A few weeks back, I wrote about a significant retrenching of the eatsa business, which involved the closing of their New York restaurants and retrenching back to their San Francisco units. At the same time, the company announced that technology would begin to appear as an end to end platform in other restaurants soon.

In many of these announcements, the second part is really nothing more than a graceful way to mask some painful news. Not so in eatsa’s case.

Opening on December 1, Wow Bao, a fast-casual restaurant concept in Chicago specializing in buns, dumplings, and rice and noodle bowls, is using the eatsa platform as the foundation for a new, automated restaurant experience. Wow Bao plans to roll out additional eatsa-enabled locations in 2018.

In a discussion with Tim Young, CEO of eatsa, he described this evolution of the eatsa brand from a restaurant concept to an end to end technology platform. Tim suggests that the biggest challenge is “where to focus growth and apply effort”. Running a day to day restaurant operation in four, geographically remote markets challenged the resources of a start-up and led to the key question—is eatsa a restaurant chain or great technology?

From the onset of the opening, the company has been deluged with requests to potentially license the technology and finally decided to take those requests seriously. The conversation with Wow Bao went from a first sit down to a restaurant opening in an incredible 90 days!

While a consumer may be dazzled by the front end technology and the cool cubby holes that deliver product, eatsa has been working on “disrupting the entire experience, from ordering to production” according to Tim.

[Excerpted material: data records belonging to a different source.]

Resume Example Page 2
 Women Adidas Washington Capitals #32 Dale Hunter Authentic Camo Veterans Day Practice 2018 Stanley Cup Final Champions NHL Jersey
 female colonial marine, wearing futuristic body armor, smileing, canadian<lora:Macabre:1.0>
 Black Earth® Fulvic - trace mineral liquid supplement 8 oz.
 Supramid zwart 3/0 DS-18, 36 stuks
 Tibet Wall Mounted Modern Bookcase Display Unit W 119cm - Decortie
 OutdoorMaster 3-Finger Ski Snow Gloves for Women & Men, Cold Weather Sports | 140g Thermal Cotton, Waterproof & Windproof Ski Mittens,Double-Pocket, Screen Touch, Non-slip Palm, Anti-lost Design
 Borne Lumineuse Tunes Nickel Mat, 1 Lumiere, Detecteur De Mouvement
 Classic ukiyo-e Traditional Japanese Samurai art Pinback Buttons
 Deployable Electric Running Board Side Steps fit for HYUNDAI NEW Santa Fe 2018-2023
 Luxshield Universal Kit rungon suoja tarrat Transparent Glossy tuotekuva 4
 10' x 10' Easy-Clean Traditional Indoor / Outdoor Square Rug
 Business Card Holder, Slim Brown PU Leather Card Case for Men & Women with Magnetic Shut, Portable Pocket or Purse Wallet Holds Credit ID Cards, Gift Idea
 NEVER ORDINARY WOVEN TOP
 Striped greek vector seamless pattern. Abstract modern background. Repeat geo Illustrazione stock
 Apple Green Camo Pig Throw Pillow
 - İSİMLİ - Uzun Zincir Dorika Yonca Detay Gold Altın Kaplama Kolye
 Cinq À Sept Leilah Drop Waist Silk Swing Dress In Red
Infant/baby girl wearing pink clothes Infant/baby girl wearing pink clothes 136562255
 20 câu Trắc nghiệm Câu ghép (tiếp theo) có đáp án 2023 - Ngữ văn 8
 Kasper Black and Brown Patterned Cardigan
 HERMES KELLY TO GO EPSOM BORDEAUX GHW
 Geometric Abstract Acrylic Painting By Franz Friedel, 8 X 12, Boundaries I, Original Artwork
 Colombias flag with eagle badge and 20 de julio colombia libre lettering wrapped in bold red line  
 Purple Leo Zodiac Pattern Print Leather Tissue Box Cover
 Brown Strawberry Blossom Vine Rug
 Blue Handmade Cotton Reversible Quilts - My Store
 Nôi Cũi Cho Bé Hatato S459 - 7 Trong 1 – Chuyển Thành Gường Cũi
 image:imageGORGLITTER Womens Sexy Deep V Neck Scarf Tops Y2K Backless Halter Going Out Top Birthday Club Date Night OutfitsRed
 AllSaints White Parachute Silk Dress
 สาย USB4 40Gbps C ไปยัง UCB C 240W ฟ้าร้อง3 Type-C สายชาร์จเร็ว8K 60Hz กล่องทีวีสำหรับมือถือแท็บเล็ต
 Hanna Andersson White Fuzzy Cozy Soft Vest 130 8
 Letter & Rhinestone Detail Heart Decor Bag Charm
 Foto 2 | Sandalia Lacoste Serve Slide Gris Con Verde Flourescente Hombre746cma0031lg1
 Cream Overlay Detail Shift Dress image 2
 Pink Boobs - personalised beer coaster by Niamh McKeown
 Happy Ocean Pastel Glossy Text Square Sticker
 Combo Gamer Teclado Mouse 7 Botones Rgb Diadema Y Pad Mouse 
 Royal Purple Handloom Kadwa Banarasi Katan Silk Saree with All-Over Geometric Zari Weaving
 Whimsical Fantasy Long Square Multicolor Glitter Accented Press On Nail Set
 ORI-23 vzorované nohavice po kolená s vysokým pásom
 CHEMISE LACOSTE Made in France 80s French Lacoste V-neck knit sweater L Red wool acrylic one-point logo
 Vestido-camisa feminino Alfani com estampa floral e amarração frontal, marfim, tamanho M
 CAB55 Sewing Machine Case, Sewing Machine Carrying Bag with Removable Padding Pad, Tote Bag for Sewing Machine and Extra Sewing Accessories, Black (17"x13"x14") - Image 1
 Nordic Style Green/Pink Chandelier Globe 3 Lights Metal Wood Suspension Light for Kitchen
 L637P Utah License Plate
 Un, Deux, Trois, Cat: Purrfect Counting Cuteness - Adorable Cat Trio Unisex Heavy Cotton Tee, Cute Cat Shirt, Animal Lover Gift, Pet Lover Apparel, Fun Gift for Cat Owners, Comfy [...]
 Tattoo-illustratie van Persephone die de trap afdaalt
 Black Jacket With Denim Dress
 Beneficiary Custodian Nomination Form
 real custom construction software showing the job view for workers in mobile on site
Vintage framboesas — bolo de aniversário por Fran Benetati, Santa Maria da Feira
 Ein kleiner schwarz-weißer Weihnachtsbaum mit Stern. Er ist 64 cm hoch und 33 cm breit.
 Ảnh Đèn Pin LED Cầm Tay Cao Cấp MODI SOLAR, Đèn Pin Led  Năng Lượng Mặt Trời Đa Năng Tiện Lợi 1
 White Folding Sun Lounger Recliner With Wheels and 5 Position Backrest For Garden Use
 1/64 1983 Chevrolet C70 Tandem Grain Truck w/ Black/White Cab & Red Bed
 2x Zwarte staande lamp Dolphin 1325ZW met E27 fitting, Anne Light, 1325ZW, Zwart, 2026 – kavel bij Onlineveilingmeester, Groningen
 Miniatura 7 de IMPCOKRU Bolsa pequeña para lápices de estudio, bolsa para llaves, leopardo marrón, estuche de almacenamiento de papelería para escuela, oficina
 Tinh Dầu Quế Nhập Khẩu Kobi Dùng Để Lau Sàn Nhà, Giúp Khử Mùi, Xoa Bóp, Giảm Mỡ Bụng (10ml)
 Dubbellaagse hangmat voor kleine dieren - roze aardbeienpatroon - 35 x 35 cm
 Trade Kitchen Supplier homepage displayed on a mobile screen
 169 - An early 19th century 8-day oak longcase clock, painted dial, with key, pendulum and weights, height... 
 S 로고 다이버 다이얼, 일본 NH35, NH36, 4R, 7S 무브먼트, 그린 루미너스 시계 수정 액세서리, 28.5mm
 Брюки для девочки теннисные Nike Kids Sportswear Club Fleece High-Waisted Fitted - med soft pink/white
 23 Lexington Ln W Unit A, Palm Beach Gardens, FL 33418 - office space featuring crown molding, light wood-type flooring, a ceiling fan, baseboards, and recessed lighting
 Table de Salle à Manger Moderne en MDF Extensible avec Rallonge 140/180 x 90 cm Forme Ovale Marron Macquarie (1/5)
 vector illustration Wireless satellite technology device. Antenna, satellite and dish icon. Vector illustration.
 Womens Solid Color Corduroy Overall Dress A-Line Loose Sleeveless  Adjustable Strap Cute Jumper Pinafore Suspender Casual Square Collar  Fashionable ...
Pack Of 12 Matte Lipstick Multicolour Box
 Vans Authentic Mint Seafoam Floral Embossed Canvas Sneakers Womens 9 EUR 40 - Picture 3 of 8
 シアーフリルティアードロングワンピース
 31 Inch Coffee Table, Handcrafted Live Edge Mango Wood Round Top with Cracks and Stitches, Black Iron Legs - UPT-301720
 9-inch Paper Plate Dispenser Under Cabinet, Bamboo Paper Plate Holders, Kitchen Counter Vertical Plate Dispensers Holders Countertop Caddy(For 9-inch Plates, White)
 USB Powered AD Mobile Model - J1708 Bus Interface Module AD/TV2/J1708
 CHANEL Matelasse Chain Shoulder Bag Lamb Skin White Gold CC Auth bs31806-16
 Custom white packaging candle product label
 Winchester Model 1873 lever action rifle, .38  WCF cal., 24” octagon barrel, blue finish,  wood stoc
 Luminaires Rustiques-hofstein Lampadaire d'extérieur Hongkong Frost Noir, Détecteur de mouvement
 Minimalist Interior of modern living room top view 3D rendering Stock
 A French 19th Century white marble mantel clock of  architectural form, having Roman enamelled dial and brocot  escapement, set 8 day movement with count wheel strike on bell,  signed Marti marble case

In eatsa restaurants, this technology has “enabled us to get meals to customers in 90 seconds versus the industry average of five minutes or more, and drive up to five times the customer throughput than the average fast casual restaurant – translating into over 500 customers per hour”. And, this is all done with a higher degree of order accuracy and customization.

The key components of the eatsa platform include:

  • Ordering across multiple channels, including in-store kiosks and a custom-branded, fully integrated mobile experience. In the San Francisco stores, mobile now accounts for over 40% of all orders in one unit.
  • Customizable in-store digital displays and canvases
  • Order fulfillment tools that optimize labor for speed and accuracy
  • Remote management of digital marketing and menus
  • Robust customer and store-level analytics. As a customer, I have been impressed with eatsa’s ability to immediately solicit real time feedback and satisfaction.

While Wow Bao is the first deployment, the company suggests more deals are in the pipeline and to expect to hear and see more in 2018.

Of course, eatsa would not be the first company to pivot from a retail concept to technology platform. I am reminded of Hointer, which has tried to take a similar path. In eatsa’s case, I believe the technology is strong and robust enough for them to make this leap. This is an exciting evolution in automated technology. I expect many other brands could follow the same path soon.